Thursday, July 5, 2012

Chet Baker: "The Very Best Of Chet Baker" (2012) CD Review

The Very Best Of Chet Baker is a collection of recordings from 1952 to 1965 (focusing mostly on his output from 1958). These tracks are presented nearly in the order in which they were recorded.  Most of them are instrumentals, with Chet Baker letting his trumpet do the singing (like on the slow, enchanting "If You Could See Me Now"). But also featured in this collection are a few songs in which Chet Baker sings, including two tunes by Richard Rodgers and Lorenz Hart.

"My Funny Valentine"

This collection opens with "My Funny Valentine." It starts off so sweet, so mellow, and so simple, with Chet Baker on trumpet and with Carson Smith on bass. It's perfect; you almost don't need anyone else on this recording. But when the rest of the band comes in, no one overpowers the simple design. This is one of the best renditions of this famous song written by Richard Rodgers and Lorenz Hart. This recording is from Gerry Mulligan Quartet.

"Do It The Hard Way"

This collection features two Rodgers and Hart compositions from Chet Baker's Sings - It Could Happen To You (1958), an album Concord Music Group re-issued in 2010 with several bonus tracks.  On these  songs, as the album's title suggests, we hear Chet Baker sing.
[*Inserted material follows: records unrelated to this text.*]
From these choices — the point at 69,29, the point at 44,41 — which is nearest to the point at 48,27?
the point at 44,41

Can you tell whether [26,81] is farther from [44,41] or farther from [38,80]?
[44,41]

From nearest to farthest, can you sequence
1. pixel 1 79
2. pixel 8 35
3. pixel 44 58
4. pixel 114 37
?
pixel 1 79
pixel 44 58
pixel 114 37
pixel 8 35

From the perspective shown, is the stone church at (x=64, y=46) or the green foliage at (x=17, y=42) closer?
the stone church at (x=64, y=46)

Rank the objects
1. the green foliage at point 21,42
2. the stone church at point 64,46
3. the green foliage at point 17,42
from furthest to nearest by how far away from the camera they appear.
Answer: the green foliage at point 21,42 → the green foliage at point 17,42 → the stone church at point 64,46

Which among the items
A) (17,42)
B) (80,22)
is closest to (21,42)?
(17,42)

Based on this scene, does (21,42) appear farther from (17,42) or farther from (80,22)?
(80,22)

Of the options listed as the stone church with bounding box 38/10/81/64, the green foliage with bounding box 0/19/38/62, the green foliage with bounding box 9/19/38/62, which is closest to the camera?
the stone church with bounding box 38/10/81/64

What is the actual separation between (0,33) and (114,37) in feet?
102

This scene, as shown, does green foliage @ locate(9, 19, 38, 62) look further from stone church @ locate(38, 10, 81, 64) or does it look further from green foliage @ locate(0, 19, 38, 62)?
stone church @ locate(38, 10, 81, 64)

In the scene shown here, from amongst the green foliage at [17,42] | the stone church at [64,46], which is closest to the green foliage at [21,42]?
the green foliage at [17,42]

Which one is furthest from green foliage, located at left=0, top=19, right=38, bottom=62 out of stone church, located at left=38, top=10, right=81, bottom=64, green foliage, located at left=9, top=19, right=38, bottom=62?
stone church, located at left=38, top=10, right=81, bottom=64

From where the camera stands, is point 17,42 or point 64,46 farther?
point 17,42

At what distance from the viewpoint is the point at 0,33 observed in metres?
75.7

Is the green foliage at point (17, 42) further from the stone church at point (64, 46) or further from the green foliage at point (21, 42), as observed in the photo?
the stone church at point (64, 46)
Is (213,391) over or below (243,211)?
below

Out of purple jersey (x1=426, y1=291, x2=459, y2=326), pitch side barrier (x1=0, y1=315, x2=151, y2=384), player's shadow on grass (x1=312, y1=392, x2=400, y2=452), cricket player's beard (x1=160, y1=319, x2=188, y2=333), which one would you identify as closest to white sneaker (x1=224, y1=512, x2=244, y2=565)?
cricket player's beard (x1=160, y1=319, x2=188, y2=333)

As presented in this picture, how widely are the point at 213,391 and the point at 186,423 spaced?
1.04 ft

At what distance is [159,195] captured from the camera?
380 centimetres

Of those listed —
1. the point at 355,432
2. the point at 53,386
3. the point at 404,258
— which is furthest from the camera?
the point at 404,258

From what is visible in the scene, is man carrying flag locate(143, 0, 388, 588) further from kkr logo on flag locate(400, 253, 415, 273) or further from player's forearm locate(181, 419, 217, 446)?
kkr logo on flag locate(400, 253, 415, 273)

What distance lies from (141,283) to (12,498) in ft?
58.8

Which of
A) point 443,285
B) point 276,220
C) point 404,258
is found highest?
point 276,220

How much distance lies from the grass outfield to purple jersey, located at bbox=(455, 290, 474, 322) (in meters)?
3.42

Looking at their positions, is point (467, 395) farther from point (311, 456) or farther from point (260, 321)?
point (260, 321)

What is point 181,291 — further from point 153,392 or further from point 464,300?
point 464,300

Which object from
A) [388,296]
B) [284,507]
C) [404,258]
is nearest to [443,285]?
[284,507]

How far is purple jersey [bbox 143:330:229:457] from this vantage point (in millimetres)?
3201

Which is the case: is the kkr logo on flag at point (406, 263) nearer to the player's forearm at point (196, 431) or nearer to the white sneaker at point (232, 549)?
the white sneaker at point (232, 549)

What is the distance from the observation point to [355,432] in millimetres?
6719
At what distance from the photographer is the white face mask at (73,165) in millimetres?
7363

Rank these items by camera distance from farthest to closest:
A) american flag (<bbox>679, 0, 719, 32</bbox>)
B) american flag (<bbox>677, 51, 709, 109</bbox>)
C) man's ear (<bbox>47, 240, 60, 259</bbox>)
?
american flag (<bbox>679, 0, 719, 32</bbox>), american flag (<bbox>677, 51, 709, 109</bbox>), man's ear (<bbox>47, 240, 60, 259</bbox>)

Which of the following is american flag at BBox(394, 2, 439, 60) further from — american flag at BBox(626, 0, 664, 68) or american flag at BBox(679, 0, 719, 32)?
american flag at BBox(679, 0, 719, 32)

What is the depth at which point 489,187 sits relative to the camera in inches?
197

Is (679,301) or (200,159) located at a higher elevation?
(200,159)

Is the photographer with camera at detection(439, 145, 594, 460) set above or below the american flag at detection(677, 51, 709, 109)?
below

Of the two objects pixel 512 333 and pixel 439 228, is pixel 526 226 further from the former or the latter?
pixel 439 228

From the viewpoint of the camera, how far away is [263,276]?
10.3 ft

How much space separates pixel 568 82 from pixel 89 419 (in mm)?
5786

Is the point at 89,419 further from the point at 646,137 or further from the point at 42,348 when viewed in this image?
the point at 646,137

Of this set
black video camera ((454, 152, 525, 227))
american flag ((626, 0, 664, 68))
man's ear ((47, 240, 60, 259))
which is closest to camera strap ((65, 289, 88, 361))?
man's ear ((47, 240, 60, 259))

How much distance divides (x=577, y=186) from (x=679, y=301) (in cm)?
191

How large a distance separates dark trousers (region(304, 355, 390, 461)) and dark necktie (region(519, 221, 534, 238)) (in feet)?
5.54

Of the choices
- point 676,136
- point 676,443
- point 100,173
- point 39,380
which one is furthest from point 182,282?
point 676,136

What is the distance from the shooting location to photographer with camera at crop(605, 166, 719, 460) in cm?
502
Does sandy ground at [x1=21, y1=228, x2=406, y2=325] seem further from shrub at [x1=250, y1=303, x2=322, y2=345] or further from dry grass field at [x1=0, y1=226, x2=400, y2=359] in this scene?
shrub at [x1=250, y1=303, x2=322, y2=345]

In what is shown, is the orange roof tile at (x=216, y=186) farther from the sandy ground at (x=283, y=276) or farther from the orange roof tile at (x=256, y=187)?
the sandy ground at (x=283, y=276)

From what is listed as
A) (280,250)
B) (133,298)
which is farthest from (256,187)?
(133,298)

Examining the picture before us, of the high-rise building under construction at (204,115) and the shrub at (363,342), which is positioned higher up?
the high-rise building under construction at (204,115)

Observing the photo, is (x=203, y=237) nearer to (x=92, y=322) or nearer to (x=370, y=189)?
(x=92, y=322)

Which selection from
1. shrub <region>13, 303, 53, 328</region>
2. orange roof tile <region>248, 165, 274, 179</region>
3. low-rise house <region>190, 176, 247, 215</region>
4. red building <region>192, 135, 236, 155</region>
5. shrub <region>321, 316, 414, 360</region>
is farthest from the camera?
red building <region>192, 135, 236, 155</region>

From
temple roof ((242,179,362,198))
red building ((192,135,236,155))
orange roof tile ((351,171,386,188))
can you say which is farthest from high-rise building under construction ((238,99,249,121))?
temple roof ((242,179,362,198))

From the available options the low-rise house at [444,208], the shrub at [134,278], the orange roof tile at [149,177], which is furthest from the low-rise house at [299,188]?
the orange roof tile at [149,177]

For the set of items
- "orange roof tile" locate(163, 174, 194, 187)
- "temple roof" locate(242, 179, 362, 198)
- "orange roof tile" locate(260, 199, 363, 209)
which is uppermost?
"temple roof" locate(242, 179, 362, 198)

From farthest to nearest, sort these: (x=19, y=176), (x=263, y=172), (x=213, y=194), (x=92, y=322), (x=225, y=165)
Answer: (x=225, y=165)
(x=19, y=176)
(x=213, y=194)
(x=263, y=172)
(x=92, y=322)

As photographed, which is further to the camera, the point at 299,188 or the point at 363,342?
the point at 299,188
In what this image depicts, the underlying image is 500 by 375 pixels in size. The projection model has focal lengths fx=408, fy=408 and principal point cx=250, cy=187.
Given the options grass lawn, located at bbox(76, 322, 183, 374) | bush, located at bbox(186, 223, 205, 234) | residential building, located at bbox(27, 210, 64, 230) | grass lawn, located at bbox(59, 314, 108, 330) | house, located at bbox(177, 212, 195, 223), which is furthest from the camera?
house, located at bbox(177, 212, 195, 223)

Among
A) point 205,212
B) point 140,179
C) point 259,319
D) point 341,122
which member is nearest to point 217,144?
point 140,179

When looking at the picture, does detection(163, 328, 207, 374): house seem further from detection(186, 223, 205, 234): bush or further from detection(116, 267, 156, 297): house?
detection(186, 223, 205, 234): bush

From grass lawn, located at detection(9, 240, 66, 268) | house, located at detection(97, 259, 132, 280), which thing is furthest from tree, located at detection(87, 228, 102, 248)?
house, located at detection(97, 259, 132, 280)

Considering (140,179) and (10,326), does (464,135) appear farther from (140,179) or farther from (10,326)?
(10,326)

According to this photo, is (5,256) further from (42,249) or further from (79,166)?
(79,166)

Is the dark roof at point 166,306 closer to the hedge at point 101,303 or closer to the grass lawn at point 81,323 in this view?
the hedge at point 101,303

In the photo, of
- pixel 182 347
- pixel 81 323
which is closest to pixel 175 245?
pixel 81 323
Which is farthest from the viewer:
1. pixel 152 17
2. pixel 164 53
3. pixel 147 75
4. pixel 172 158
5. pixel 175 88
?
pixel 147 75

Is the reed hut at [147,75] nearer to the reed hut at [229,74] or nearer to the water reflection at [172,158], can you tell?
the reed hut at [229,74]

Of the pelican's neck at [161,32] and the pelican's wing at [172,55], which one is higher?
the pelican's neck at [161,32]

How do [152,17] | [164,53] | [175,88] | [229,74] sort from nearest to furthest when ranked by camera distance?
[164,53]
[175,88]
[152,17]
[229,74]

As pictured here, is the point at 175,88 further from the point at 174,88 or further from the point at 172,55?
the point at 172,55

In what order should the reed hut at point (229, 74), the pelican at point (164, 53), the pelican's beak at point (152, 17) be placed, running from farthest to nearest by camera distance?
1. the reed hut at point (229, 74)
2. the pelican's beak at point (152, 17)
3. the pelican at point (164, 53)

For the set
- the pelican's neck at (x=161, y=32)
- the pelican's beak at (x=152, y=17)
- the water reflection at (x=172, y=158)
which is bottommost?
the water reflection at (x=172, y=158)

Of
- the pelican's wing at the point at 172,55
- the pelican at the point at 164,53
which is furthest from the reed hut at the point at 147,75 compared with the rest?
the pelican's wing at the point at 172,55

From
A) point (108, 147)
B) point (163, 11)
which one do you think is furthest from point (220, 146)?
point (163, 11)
In the first, "Do It The Hard Way," he gives us his version of scat, which is so particular to him. It's soft and sweet, easy-going, not forceful at all. It's kind and gentle, like he's vocalizing what would be his trumpet line. This song also features nice work on piano from Kenny Drew.

"My Heart Stood Still"

The second Rodgers and Hart song from Sings - It Could Happen To You is "My Heart Stood Still."  I prefer Chet Baker's playing to his singing on this track. In addition to wonderful stuff by Kenny Drew on piano, there is some good work by Philly Joe Jones on drums (he was also the drummer in The Miles Davis Quintet).

"Fair Weather"

"Fair Weather" is one of my favorite tracks from this collection, because of the joy in the playing. Chet Baker's lead is wonderful, and it segues into a great section where Paul Chambers does a lead on bass, with touches of Al Haig's piano beneath him, and a steady playing on the cymbals (and a bit of the snare) by Philly Joe Jones. It's a seriously cool section, and then Johnny Griffin comes blasting in beautifully on tenor saxophone. That leads to Al Haig's lead. This track is just full of great vibes. This was originally included on In New York.

"How High The Moon"

This collection features an interesting and sweet rendition of "How High The Moon" from the album Chet. The group assembled for that album includes Pepper Adams on baritone sax, Herbie Mann on flute, Bill Evans on piano, Paul Chambers on bass, and Connie Kay on drums.  Adams, Mann and Evans all have nice short sections on lead. "How High The Moon" was written by Nancy Hamilton and William Lewis.

"The Song Is You"

Chet Baker sings on "The Song Is You," a song written by Jerome Kern and Oscar Hammerstein II for the musical Music In The Air.  This track features a string orchestra, giving it quite a different feel from the rest of the songs in this collection.

"When You're Gone"

The Very Best Of Chet Baker concludes with "When You're Gone," a mellow tune from the 1965 album Comin' On With The Chet Baker Quintet. I particularly like Kirk Lightsey's work on piano on this track. Wonderful stuff. Chet Baker plays flugelhorn on this one.

CD Track List
  1. My Funny Valentine
  2. Moonlight In Vermont
  3. Do It The Hard Way
  4. My Heart Stood Still
  5. Old Devil Moon
  6. Fair Weather
  7. If You Could See Me Now
  8. How High The Moon
  9. Look For The Silver Lining
  10. The Song Is You
  11. Almost Like Being In Love
  12. I've Grown Accustomed To Her Face
  13. Have You Met Miss Jones?
  14. When You're Gone
The Very Best Of Chet Baker was released on June 12, 2012 through Concord Music Group. Also released on that day were The Very Best Of The Miles Davis Quintet, The Very Best Of Sonny Rollins, The Very Best Of Wes Montgomery, and The Very Best Of John Coltrane: The Prestige Era.